It was pointed out at the beginning of this Occasional Paper that the Fund position is to favor an open trading system and to oppose the use of trade restrictions for balance of payments purposes. Protectionism in industrial countries appears to have increased, and there are pressures for further increases, even though the initiation of a new round of multilateral trade negotiations is a hopeful sign. In the case of developing countries, protection tends to be higher and more widespread than for industrial countries, but there have been proposals for liberalization, and in some countries actual moves in that direction.
The paper opened with a discussion of several macro-economic issues. An increase in protection does not necessarily improve the current account. It all depends on what happens to savings and investment, private and public, and this depends on macroeconomic policies and the way policy responds to the increase in protection. When the exchange rate floats there is no presumption that protection would improve the current account.

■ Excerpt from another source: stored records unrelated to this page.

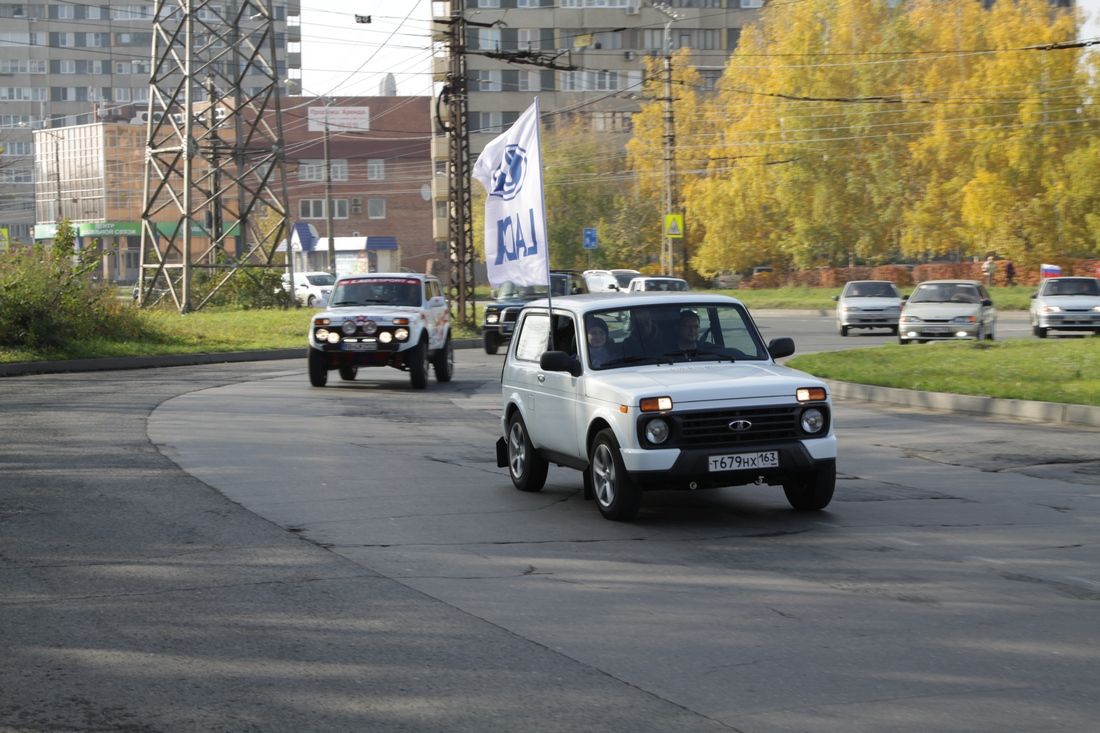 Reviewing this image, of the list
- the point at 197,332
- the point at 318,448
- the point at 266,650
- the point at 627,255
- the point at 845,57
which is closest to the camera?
the point at 266,650

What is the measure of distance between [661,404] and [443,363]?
15706 mm

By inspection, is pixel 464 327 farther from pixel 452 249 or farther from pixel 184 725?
pixel 184 725

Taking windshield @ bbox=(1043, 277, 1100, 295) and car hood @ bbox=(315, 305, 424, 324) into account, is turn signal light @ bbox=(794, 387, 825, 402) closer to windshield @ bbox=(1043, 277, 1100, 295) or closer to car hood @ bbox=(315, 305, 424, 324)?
car hood @ bbox=(315, 305, 424, 324)

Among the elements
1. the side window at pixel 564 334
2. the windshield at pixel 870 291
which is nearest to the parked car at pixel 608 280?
the windshield at pixel 870 291

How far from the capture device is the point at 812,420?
10242mm

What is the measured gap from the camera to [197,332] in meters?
37.4

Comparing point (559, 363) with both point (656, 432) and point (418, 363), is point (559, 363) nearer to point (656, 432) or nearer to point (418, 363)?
point (656, 432)

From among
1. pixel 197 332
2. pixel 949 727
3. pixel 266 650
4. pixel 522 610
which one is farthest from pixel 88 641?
pixel 197 332

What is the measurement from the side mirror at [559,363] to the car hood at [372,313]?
12.7 meters

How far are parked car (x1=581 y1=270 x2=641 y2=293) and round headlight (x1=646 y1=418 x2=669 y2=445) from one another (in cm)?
4755

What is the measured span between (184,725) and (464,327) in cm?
3643

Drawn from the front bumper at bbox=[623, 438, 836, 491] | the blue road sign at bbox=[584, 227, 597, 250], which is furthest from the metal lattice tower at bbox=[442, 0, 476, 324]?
the front bumper at bbox=[623, 438, 836, 491]

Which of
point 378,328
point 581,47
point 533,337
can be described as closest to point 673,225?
point 378,328

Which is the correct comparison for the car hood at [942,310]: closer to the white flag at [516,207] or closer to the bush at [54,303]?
the bush at [54,303] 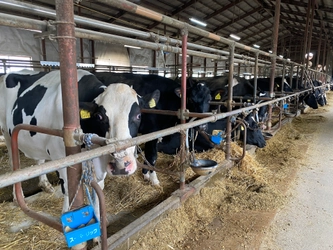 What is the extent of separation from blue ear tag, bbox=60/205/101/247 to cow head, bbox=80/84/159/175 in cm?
51

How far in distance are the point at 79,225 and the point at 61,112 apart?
48.5 inches

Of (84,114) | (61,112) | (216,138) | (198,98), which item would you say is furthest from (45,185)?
(198,98)

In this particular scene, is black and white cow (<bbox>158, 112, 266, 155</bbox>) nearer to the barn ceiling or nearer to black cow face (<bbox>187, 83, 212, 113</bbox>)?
black cow face (<bbox>187, 83, 212, 113</bbox>)

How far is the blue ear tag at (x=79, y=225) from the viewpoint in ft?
4.43

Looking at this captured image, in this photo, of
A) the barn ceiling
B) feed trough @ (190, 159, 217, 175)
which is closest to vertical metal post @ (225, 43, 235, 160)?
feed trough @ (190, 159, 217, 175)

A uniform import surcharge in the United States, for example, would only be likely to improve the current account if it improved the fiscal situation, but it would not be an efficient way of doing so. Exchange rate instability may well have given rise to protectionist measures, but it provides no justification for protection. Similarly, the existence of unemployment does not justify protection. Devaluation, or macroeconomic policies that bring about depreciation, would normally be preferable to import restrictions if the balance of payments is to be improved at a constant level of overall employment, or if overall employment is to be increased while avoiding a balance of payments deterioration. In the case of real wage rigidity and hence classical unemployment neither method may be able to deal with an unemployment problem. The employment gains by protected industries would be offset by losses in other industries.
Various arguments for protection have been analyzed, notably the infant industry argument, the terms of trade argument and the case for using tariffs and export taxes to raise revenue. In all cases it is possible to make valid arguments for protection applying in particular (but not necessarily common) circumstances. Usually they are arguments only for the short term, so that possible short-term gains have to be weighed against long-term losses. It has been pointed out that one of the main reasons for protection in practice is the maintenance of incomes of particular sectors in response to adverse shocks, this being brought about at a cost in national income as a whole.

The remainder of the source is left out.